Excerpts from a dataset
+ + + + + + +

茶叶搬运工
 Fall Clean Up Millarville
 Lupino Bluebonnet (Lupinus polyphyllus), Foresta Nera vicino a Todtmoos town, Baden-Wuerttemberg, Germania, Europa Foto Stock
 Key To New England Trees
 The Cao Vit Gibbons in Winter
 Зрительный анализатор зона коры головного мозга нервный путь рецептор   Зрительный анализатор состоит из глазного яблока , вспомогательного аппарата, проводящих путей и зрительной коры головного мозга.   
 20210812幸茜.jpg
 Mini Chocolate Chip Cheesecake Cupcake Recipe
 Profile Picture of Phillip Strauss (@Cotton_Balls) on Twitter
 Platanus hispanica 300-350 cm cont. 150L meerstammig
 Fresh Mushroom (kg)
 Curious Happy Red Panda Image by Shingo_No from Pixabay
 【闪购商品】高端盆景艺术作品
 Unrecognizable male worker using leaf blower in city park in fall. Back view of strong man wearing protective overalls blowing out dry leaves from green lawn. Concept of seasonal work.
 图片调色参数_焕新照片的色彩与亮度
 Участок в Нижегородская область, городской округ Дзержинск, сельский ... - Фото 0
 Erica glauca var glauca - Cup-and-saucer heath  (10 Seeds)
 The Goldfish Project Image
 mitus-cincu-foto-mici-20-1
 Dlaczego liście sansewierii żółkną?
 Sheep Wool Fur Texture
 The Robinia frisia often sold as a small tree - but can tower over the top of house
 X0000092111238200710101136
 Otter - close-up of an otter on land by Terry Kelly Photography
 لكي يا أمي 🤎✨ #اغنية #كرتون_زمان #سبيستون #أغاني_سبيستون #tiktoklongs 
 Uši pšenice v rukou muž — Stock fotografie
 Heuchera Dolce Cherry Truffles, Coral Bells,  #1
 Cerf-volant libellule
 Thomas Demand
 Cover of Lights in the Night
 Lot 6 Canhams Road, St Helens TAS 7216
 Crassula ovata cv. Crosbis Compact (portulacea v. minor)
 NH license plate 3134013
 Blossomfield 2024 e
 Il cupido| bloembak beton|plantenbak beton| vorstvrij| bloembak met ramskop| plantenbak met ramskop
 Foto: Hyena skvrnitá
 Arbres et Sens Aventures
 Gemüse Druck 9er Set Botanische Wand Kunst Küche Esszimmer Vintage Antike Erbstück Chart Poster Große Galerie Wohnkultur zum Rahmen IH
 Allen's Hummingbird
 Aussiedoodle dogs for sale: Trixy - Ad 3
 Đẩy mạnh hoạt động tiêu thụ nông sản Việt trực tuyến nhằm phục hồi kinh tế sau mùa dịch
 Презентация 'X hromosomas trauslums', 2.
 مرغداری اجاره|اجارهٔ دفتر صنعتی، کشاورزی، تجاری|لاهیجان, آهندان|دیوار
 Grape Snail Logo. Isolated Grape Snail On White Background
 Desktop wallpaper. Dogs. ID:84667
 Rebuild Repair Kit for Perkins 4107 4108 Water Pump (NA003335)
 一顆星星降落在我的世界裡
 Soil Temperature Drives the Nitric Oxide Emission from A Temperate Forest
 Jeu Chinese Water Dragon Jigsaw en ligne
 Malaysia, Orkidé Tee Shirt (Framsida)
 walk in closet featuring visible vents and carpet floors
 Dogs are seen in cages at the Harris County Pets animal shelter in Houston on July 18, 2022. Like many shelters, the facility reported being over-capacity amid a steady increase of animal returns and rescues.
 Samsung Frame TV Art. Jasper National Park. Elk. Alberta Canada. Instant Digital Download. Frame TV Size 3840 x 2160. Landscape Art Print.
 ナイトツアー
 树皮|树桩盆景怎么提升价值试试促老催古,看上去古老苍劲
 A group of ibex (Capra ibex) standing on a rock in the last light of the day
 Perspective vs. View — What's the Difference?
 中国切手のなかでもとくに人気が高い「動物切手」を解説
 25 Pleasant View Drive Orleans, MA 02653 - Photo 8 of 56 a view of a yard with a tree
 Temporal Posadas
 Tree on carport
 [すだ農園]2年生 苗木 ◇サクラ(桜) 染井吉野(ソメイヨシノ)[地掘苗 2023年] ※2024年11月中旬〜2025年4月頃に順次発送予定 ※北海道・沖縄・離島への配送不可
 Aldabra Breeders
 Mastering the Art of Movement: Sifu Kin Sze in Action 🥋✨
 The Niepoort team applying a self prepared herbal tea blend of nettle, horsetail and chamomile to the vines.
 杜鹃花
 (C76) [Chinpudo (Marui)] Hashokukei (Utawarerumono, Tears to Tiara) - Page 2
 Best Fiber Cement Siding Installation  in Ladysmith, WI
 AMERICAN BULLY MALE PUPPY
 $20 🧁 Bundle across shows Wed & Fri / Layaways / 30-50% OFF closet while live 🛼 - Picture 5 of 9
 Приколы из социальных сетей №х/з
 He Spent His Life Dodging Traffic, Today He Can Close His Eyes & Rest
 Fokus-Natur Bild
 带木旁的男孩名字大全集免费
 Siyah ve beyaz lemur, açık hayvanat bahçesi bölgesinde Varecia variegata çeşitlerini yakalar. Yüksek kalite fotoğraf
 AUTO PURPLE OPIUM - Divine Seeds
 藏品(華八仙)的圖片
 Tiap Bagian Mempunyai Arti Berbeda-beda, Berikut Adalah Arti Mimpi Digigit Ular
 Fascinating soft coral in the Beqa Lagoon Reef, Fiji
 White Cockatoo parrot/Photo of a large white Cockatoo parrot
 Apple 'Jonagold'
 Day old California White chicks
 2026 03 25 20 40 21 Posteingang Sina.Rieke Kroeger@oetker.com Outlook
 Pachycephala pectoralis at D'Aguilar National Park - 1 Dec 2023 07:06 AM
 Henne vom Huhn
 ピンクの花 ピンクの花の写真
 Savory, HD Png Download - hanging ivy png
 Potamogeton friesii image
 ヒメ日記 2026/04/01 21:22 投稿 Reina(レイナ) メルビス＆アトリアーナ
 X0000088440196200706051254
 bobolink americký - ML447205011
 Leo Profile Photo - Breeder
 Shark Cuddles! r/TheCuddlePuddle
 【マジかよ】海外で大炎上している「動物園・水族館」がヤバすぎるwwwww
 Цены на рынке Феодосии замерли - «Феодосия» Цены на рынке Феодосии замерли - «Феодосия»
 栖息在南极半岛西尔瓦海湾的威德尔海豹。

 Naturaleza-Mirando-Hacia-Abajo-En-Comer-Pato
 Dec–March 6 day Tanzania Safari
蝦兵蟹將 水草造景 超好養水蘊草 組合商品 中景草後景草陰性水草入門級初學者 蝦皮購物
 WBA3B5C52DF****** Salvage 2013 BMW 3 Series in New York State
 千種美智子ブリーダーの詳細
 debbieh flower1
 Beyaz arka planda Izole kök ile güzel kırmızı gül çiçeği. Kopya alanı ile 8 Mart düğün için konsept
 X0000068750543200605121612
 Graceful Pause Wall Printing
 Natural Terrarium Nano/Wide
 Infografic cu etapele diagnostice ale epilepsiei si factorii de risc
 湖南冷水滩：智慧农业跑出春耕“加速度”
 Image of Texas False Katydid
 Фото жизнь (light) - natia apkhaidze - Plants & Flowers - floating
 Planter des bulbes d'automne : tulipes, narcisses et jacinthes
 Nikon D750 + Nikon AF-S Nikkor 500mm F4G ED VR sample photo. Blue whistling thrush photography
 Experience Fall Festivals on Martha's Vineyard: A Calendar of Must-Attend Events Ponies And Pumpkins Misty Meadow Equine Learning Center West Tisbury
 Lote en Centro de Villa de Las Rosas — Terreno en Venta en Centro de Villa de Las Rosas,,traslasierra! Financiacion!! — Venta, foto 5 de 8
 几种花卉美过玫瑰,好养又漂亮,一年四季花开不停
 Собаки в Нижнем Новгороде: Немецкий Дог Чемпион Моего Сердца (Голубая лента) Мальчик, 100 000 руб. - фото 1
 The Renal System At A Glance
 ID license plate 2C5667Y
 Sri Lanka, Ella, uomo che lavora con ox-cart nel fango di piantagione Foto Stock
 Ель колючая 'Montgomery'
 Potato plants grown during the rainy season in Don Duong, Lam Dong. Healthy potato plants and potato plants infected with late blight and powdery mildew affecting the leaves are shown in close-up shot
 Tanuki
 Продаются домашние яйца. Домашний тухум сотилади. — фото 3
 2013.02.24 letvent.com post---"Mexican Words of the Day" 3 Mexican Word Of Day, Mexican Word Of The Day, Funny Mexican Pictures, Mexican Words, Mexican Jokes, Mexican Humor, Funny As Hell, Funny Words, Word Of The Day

+ + + + + + +

What needs to be done
With the line holding "Fokus-Natur Bild" as the first and the line holding "Fascinating soft coral" as the last, set down that range of the entries above exactly, and nothing else.

Answer to this exercise
 Fokus-Natur Bild
 带木旁的男孩名字大全集免费
 Siyah ve beyaz lemur, açık hayvanat bahçesi bölgesinde Varecia variegata çeşitlerini yakalar. Yüksek kalite fotoğraf
 AUTO PURPLE OPIUM - Divine Seeds
 藏品(華八仙)的圖片
 Tiap Bagian Mempunyai Arti Berbeda-beda, Berikut Adalah Arti Mimpi Digigit Ular
 Fascinating soft coral in the Beqa Lagoon Reef, Fiji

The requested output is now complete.